Development proposals for the Redwood City Salt Ponds are not subject to the federal Clean Water Act, the U.S. Environmental Protection Agency (EPA) has ruled. The decision was touted by the property’s owner, Cargill, and its developer, DMB Associates as returning control of the Bay site’s future to local residents and officials.
“Today marks the beginning of that public engagement,” read a statement issued Friday by the campaign representing the owner and developer, called Reimagine Saltworks. “That engagement will include extensive public outreach through community forums, regional meetings, discussions with local governments, businesses and community advocates.”
Redwood City Mayor Ian Bain on Friday shared his vision for that site.
“The City Council has not discussed this land in several years, so I can’t speak on behalf of the Council,” the mayor said. “I will tell you that I have heard loudly and clearly from the community that there is strong opposition to building housing on this site. It is not zoned for housing, and I have no interest in changing that.”
Bain said he would like to see Cargill donate or sell the land to an organization that would restore it to wetlands.
In 2009, DMB and Cargill pitched high-density housing at the 1,400 acre industrial salt production site, with over half the property proposed as open space. In the face of community and environmental opposition, however, they withdrew the project and began working on a scaled-back plan.
For any project to move forward, approval will be needed by Redwood City’s council. The EPA’s decision on March 1, however, removed an important hurdle to development.
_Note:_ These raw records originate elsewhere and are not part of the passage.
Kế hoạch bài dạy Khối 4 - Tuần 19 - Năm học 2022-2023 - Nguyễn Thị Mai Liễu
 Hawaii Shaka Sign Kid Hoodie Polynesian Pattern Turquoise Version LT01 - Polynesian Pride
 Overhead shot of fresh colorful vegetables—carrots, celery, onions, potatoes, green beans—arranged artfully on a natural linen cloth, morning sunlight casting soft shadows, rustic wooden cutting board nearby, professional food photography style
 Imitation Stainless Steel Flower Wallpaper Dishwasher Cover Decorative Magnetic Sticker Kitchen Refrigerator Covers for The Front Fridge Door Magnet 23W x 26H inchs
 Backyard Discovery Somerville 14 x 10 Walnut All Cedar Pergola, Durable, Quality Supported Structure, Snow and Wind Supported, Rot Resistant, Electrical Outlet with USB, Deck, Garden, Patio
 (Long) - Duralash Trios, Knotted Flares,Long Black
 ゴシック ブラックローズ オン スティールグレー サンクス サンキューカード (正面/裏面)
Soon after withdrawing its initial project, Cargill and DMB asked the U.S. Army Corps of Engineers and EPA for a jurisdictional determination on the property, stating that the site should not be subject to the federal Clean Water Act, which would require special permits.
Last week, the EPA issued its ruling that the salt ponds are not subject to the Clean Water Act of 1972.
“EPA has found that the Redwood City Salt Plant site does not include ‘waters of the United States’ because the site was converted to fast land long before the [Clean Water Act] was enacted,” according to the ruling, which can be read in full by clicking here.
The decision ended ambiguity that kept the property “in limbo,” according to Cargill/DMB.
“This determination does not change what is or is not allowed on the site today, but it does empower the local and regional community and regulators to explore the future of the site,” their statement said.
Longtime opponent of the project, David Lewis, criticized the EPA decision as “completely contrary to the law and the facts.”
“It directly contradicts a conclusion the EPA reached in 2016 after extensive review which found the entire Saltworks site within the jurisdiction of the Clean Water Act,” Lewis said.
In 2015, the EPA’s local regional office took over the review of the Clean Water Act jurisdictional determination. Their work and recommendations were not processed before the Trump Administration began office in January 2017, according to Lewis.
Before resigning as EPA administrator under the Trump administration, Scott Pruitt shifted control of jurisdictional determinations from EPA regional offices to his own office in Washington D.C. Lewis believes that decision led to the EPA’s March 1 ruling.
“DMB and Cargill have colluded with the Trump administration to advance its anti-environment agenda,” said Lewis.
Lewis said that won’t be a good look for a project trying to get community approval. The Saltworks project will be up against a community with heightened concern over problems like climate change and traffic, he said.
In their statement, DMB/Cargill said their project would provide solutions to those challenges and more.
“All around the Bay Area the region is struggling to address crippling congestion, dangerous flooding, sea-level rise, housing shortages, and a deficit of necessary open space for parks and marshlands restoration,” the developer said. “This land could contribute to sustainable solutions to these challenges. Currently, underutilized industrial sites and military bases throughout the region are being reimagined to meet regional needs and provide solutions to our biggest generational challenges.”
Editor’s Note: This story has been updated with comments provided by Redwood City Mayor Ian Bain.
Correction: An earlier version of this story incorrectly stated that the EPA decision meant that the federal government would not have a say in development proposals for the salt ponds. Other federal agencies would likely be involved in the review of development proposals.